WORK TASK >>
Print the data that follows word for word, leaving out any picture.
─── DATASET CONTENT
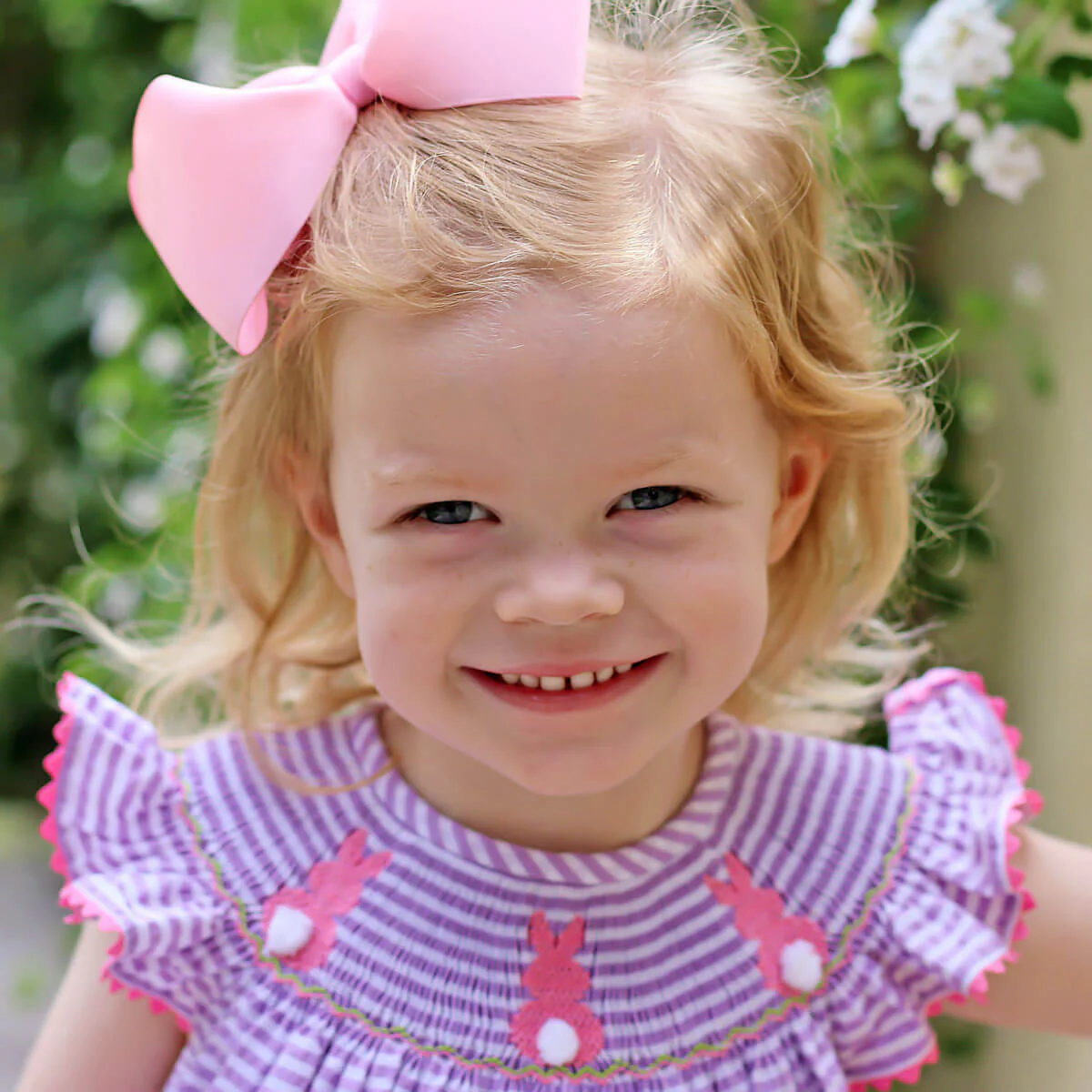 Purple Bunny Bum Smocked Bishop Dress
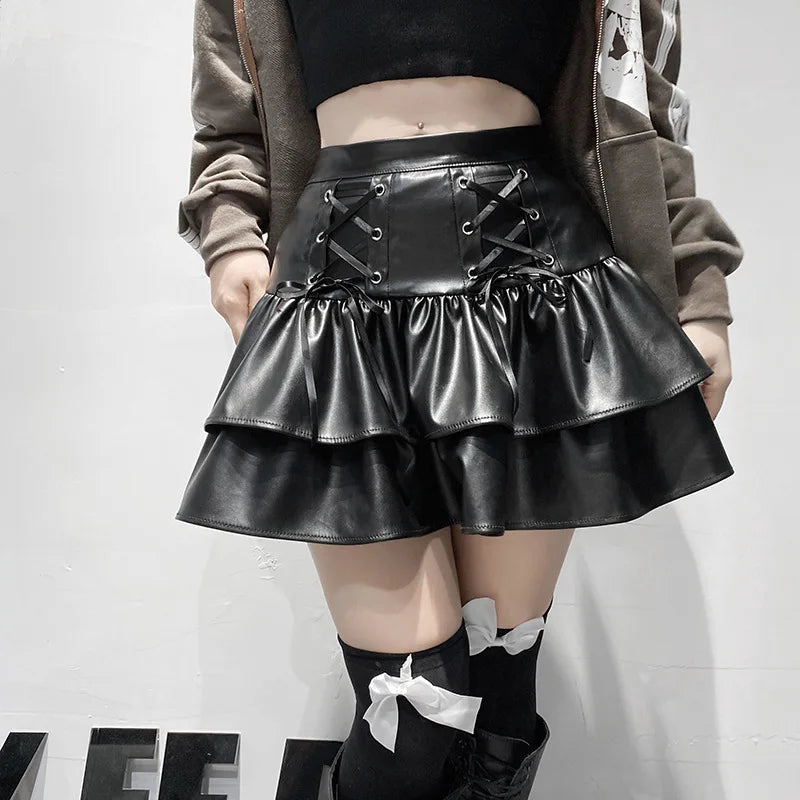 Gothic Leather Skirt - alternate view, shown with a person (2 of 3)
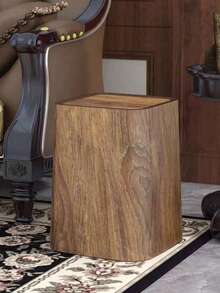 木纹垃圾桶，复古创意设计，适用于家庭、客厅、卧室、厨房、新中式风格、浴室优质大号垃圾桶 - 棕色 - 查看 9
──────
ANSWER SECTION >>
 Purple Bunny Bum Smocked Bishop Dress
 Gothic Leather Skirt - alternate view, shown with a person (2 of 3)
 木纹垃圾桶，复古创意设计，适用于家庭、客厅、卧室、厨房、新中式风格、浴室优质大号垃圾桶 - 棕色 - 查看 9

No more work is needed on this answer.